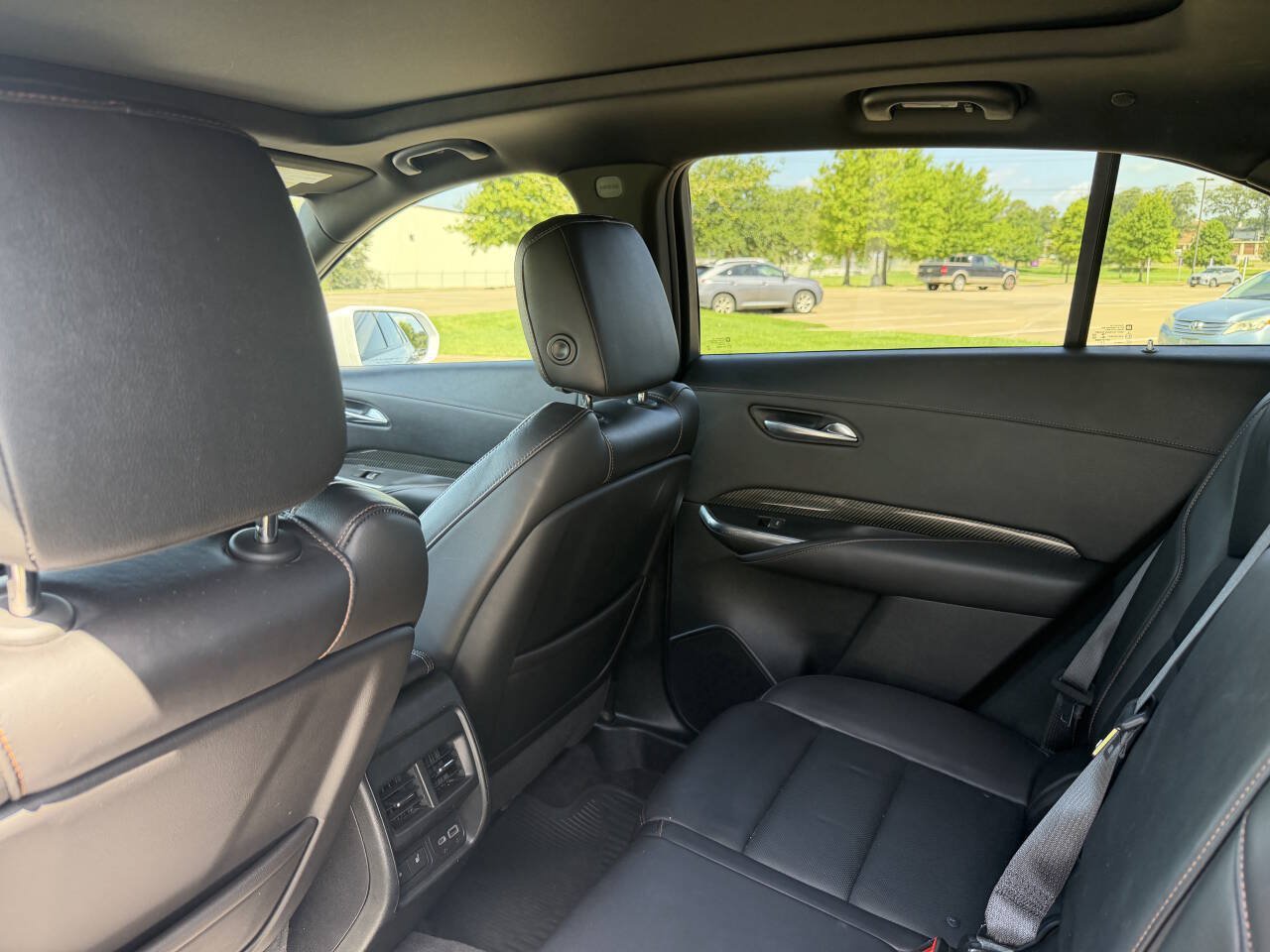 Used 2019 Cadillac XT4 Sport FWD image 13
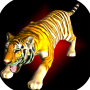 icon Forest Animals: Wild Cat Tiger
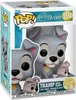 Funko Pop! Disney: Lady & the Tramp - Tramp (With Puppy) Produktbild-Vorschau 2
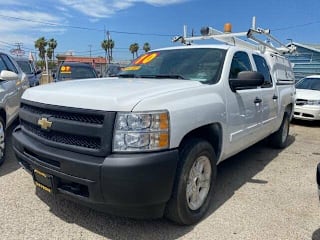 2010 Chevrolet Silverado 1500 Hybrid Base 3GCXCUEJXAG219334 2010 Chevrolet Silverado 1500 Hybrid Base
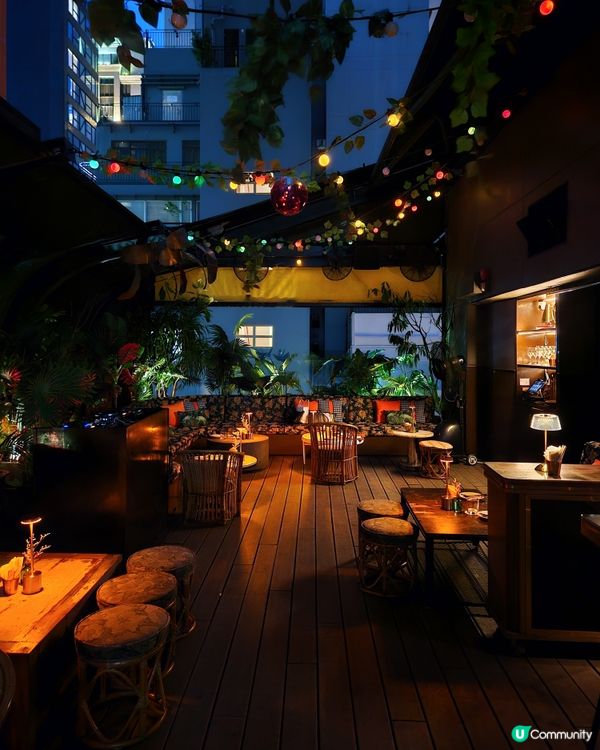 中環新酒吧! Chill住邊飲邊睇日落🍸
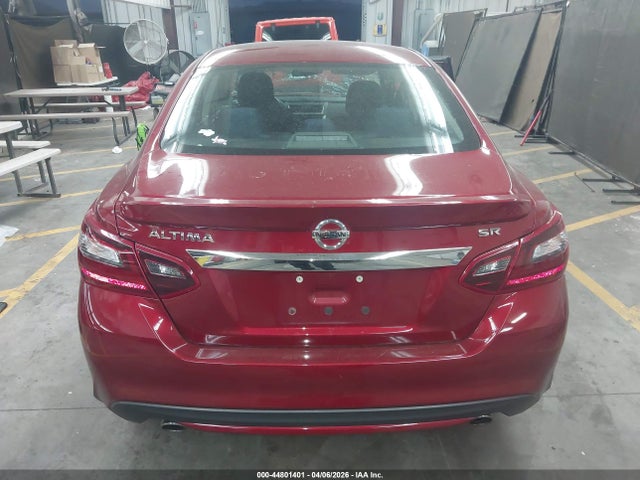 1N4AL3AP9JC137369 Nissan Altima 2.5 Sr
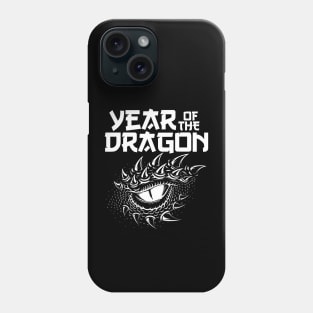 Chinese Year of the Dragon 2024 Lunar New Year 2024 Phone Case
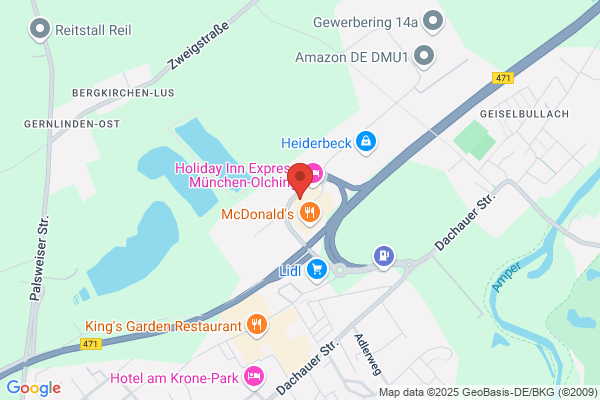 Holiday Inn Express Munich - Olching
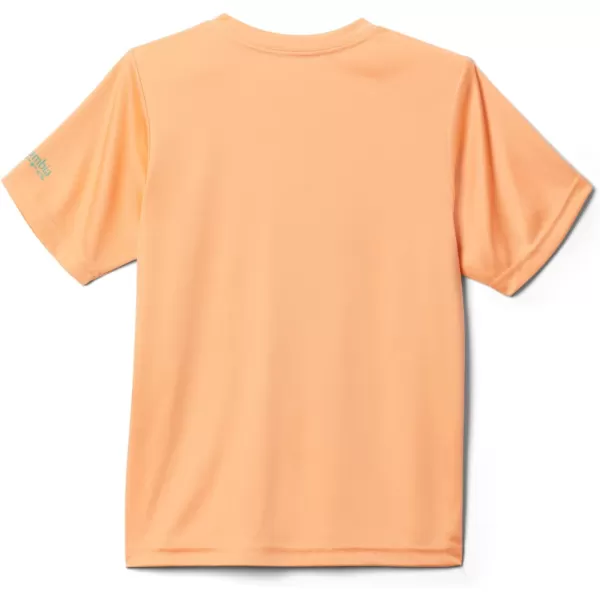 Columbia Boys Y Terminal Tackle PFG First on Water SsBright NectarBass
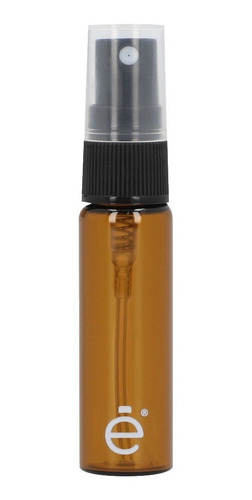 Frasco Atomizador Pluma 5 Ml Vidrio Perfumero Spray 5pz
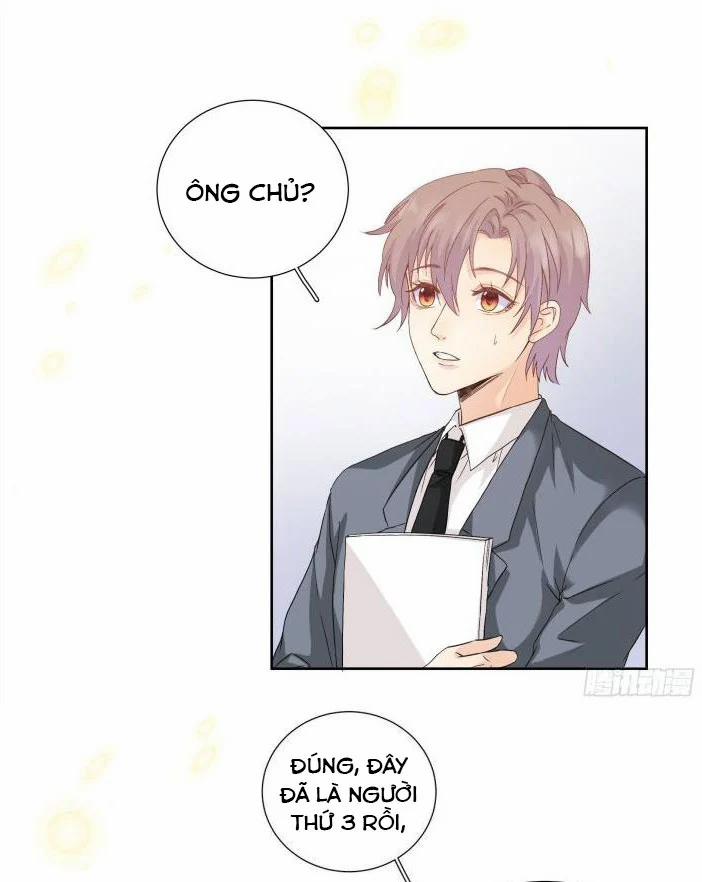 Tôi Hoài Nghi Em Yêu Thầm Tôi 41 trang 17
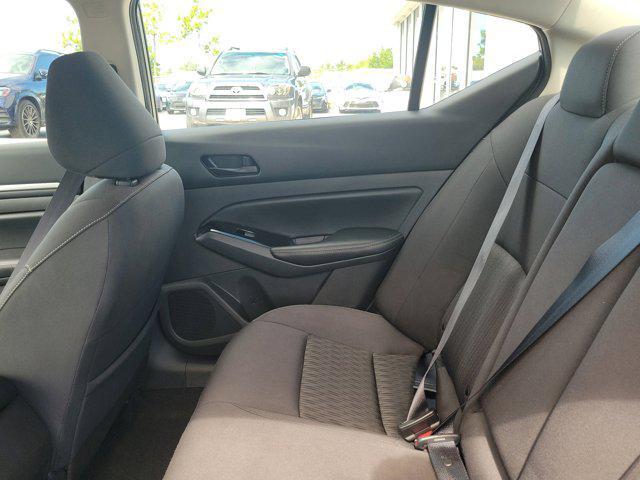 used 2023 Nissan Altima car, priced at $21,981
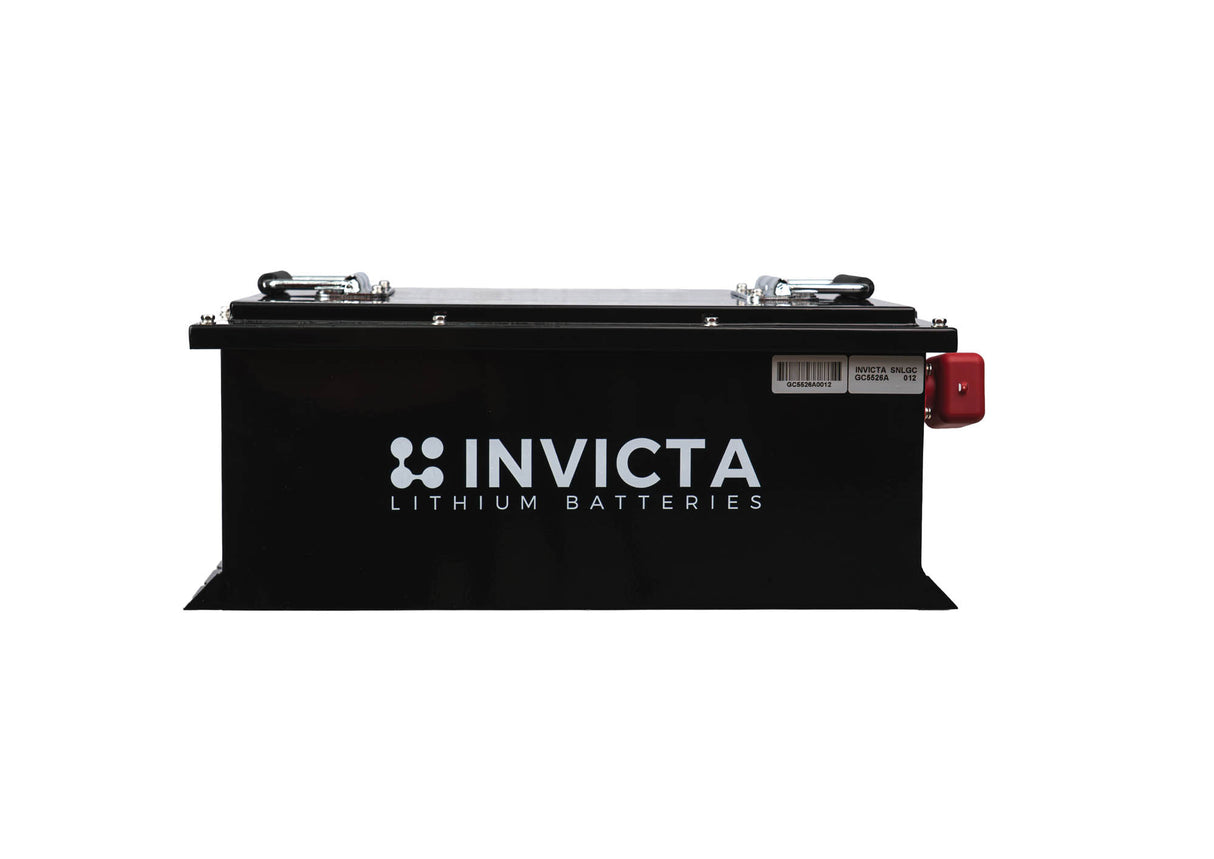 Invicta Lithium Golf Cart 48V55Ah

---

The problem → Nothing but the pictures should be left out when the material above is copied.

Answer to this task →
 Used 2019 Cadillac XT4 Sport FWD image 13
 icon Forest Animals: Wild Cat Tiger
 Funko Pop! Disney: Lady & the Tramp - Tramp (With Puppy) Produktbild-Vorschau 2
 2010 Chevrolet Silverado 1500 Hybrid Base 3GCXCUEJXAG219334 2010 Chevrolet Silverado 1500 Hybrid Base
 中環新酒吧! Chill住邊飲邊睇日落🍸
 1N4AL3AP9JC137369 Nissan Altima 2.5 Sr
 Chinese Year of the Dragon 2024 Lunar New Year 2024 Phone Case
 Holiday Inn Express Munich - Olching
 Columbia Boys Y Terminal Tackle PFG First on Water SsBright NectarBass
 Frasco Atomizador Pluma 5 Ml Vidrio Perfumero Spray 5pz
 Tôi Hoài Nghi Em Yêu Thầm Tôi 41 trang 17
 used 2023 Nissan Altima car, priced at $21,981
 Invicta Lithium Golf Cart 48V55Ah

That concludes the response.